The story is of Makina, a multilingual switchboard operator in a remote silver-mining village in Mexico, whose mother sends her north, across the border, to find her missing brother. Her journey is told in nine short chapters with mythic titles—The Earth, The Water Crossing, The Place Where the Hills Meet, The Obsidian Mound, The Place Where the Wind Cuts Like a Knife, The Place Where Flags Wave, The Place Where People's Hearts Are Eaten, The Snake That Lies in Wait, and The Obsidian Place with No Windows or Holes for the Smoke. Herrera explained in an interview that
the structure of the novel—and its heroine’s journey—is bor-rowed from the Mexica world of the dead, Mictlan, a layered sequence of levels and challenges through which the dead must progress if they are to be cleansed and reborn. For the conquer-ing Spanish and their priests, who did so much to bury Mexica culture and history, Mictlan was simply a pagan hell. But the Mexica had neither hell nor heaven: for them the afterworld was neither final nor peaceful. Mictlan is where the dead are pre-pared for re-creation, a gauntlet across which—as they cross a series of nine underworlds with nine challenges and nine guardians—the deceased are purged of every element that made them who they were in life. Through this purgation, Herrera explained, they are prepared for rebirth. [this quote is actually from here]
After encounters with all manner of characters—including drug lords, a young punk on a bus in Mexico (who proves useful later on, over the border), an attentive hired thug (he ferries her across the Rio Grande), a woman in a restaurant (she points Makina to a house where her brother went to work), a policeman (whom Makina bests through her literacy)—she does finally find her brother . . . but he is lost to her, not through dissolution but through assimilation. And so she starts to make her way home, only to be stopped short and, as the myth goes, reborn (presumably).

The language is beautiful: poetic, each word important. Here are a few samples.
When she reached the top of the saddle between the two mountains it began to snow. Makina had never seen snow before and the first thing that struck her as she stopped to watch the weightless crystals raining down was that something was burning. One came to perch on her eyelashes; it looked like a stack of crosses or the map of a palace, a solid and intricate marvel at any rate, and when it dissolved a few seconds later she wondered how it was that some things in the world—some countries, some people—could seem eternal when everything was actually like that miniature ice palace: one-of-a-kind, precious, fragile.
*
They are homegrown and they are anglo and both things with rabid intensity; with restrained fervor they can be the meekest and at the same time the most querulous of citizens, albeit grumbling under their breath. Their gestures and tastes reveal both ancient memory and the wonderment of a new people. And then they speak. They speak an intermediary tongue that Makina instantly warms to because it's like her: malleable, erasable, permeable; a hinge pivoting between two like but distant souls, and then two more, and then two more, never exactly the same ones; something that serves as a link.

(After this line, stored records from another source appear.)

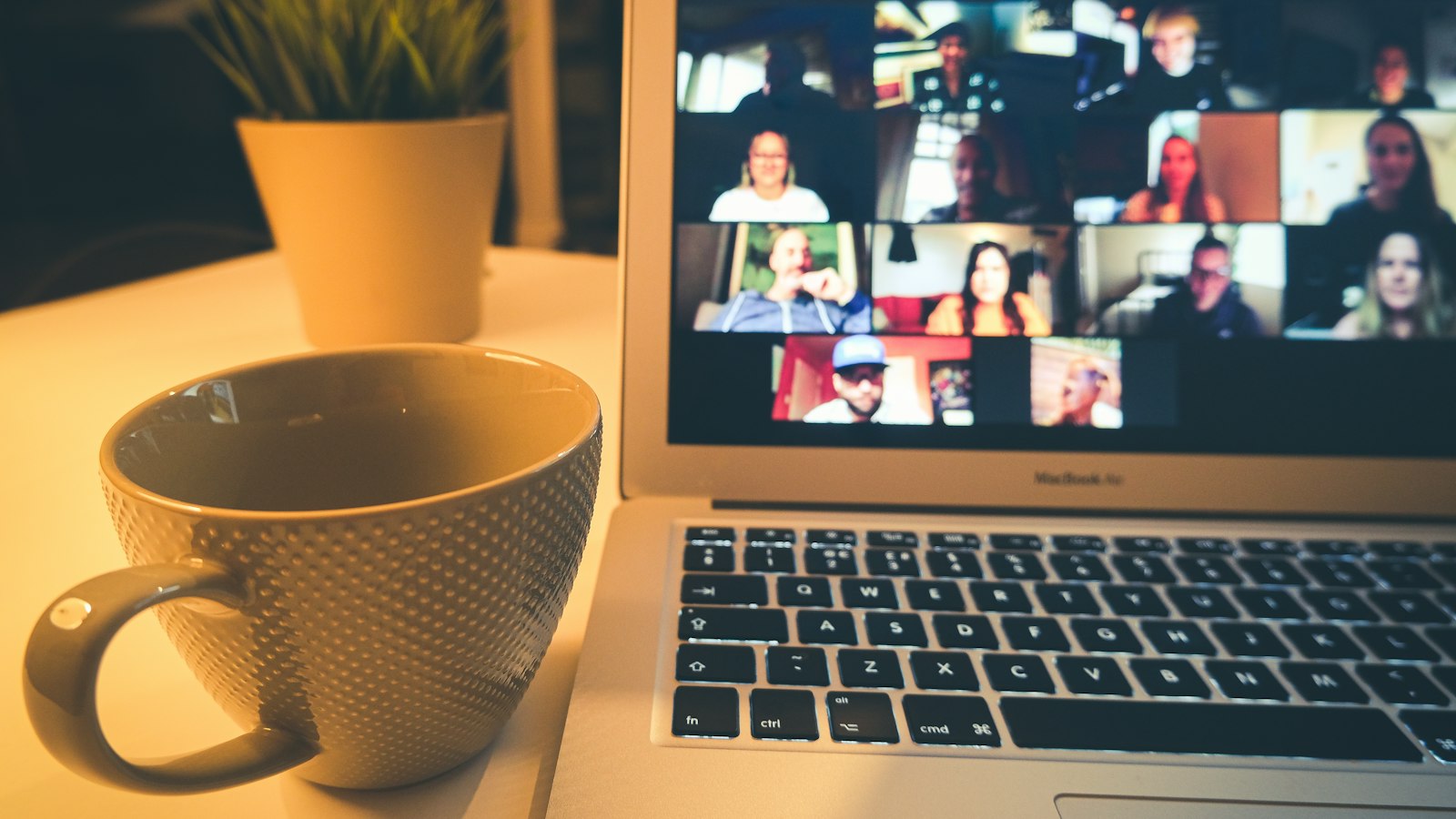 Laptop showing a video meeting beside a coffee mug, illustrating AI note taker privacy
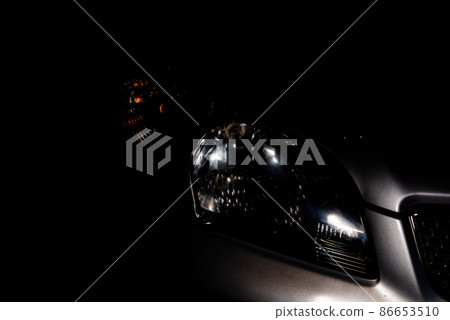 car headlight headlight of modern prestigious car close up. 86653510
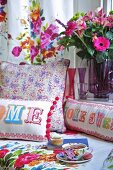 Teepause auf Bett mit bunten Kissen und Blumenstrauss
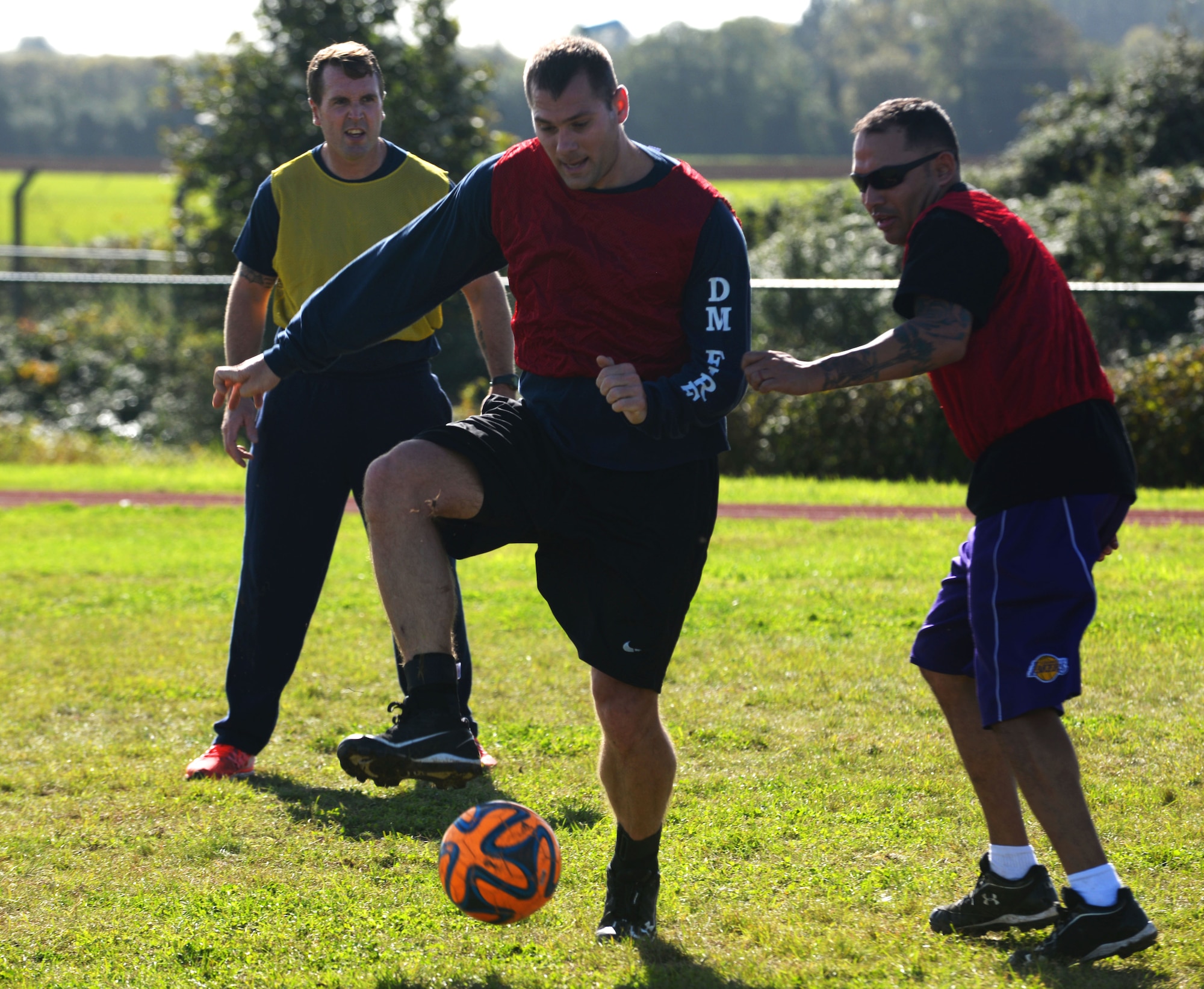 From left, Jamie Greenaway, 100th Civil Engineer Squadron civilian firefighter, U.S. Air Force Staff Sgt. Aaron Scofield and U.S. Air Force Tech Sgt. Andrew Ibarra, 48th Civil Engineer Squadron fire department firefighters play soccer during the Battle of the Badges, Sept. 30,  2017, on RAF Mildenhall, England. The Battle of the Badges was developed as an opportunity for first responders to better develop relationships on and off-base. (U.S. Air Force photo by Airman 1st Class Alexandria Lee)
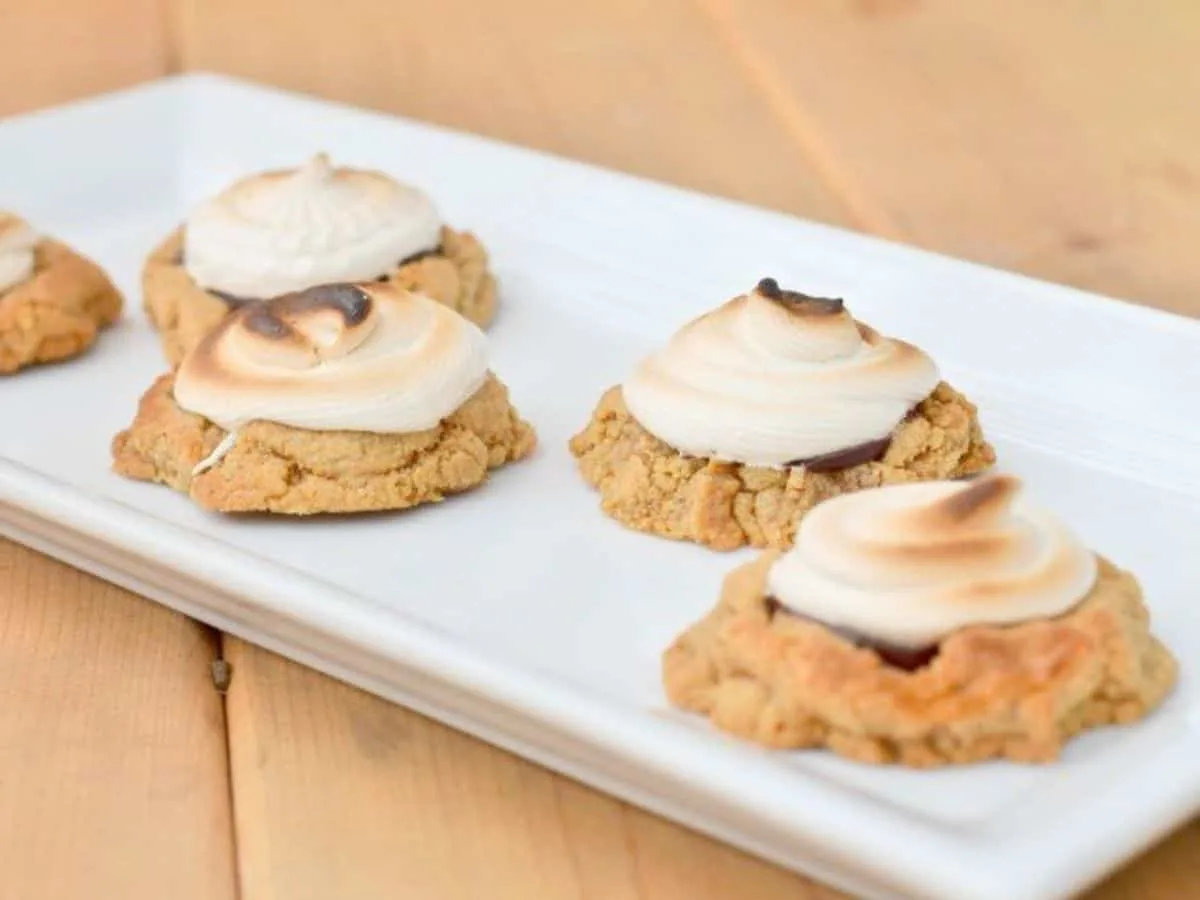 Image shows Toasted smores cookies on a white tray.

 More than the midpoint between homegrown and anglo their tongue is a nebulous territory between what is dying out and what is not yet born. But not a hecatomb. Makina senses in their tongue not a sudden absence but a shrewd metamorphosis, a self-defensive shift. They might be talking in perfect latin tongue and without warning begin to talk in perfect anglo tongue and keep it up like that, alternating between a thing that believes itself to be perfect and a thing that believes itself to be perfect, morphing back and forth, between two beasts until out of carelessness or clear intent they suddenly stop switching tongues and start speaking that other one. In it brims nostalgia for the land they left or never knew when they use the words with which they name objects; while actions are alluded to with an anglo verb conjugated latin-style, pinning on a sonorous tail from back there.
 Using in one tongue the word for a thing in the other makes the attributes of both resound: if you say Give me fire when they say Give me a light, what is not to be learned about fire, light and the act of giving? It's not another way of saying things: these are new things. The world happening anew, Makina realizes: promising other things, signifying other things, producing different objects. Who knows if they'll last, who knows if these names will be adopted by all, she thinks, but there they are, doing their damnedest.
*
Her brother had sent two or three messages back with assorted migrants on their way home. Two or three and not two, or three; Makina couldn't say for sure because after the first one the one that followed and maybe one more were the same old story.
 The first one said:
 I haven't found the land [supposedly left by his father] yet, but it won't be long now, you'll see.
 Everything's so stiff here, it's all numbered and people look you in the eye but they don't say anything when they do.
 They celebrate here, too, but they don't dance or pray, it's not in honor of anyone. The only real big celebration is the turkey feast, which is a good one because all you do is eat and eat.
  It's really lonely here, but there's lots of stuff. I'm going to bring you some when I come. I just have to take care of this and then I'll be back, you'll see.
 The second one didn't mention the country or the land or his plans. It said:
 I'm fine. I have a job now.
 And the third, if it existed, might've made the same claim, this way:
 I said I was fine so stop asking.
And finally, here is what Makina writes when the anglo policeman is harassing a group of Mexicans he's rounded up:
We are to blame for this destruction, we who don't speak your tongue and don't know how to keep quiet either. We who didn't come by boat, who dirty up your doorsteps with our dust, who break your barbed wire. We who came to take your jobs, who dream of wiping your shit, who long to work all hours. We who fill your shiny clean streets with the smell of food, who brought you violence you'd never known, who deliver your dope, who deserve to be chained by neck and feet. We who are happy to die for you, what else could we do? We, the ones who are waiting for who knows what. We, the dark, the short, the greasy, the shifty, the fat, the anemic. We the barbarians.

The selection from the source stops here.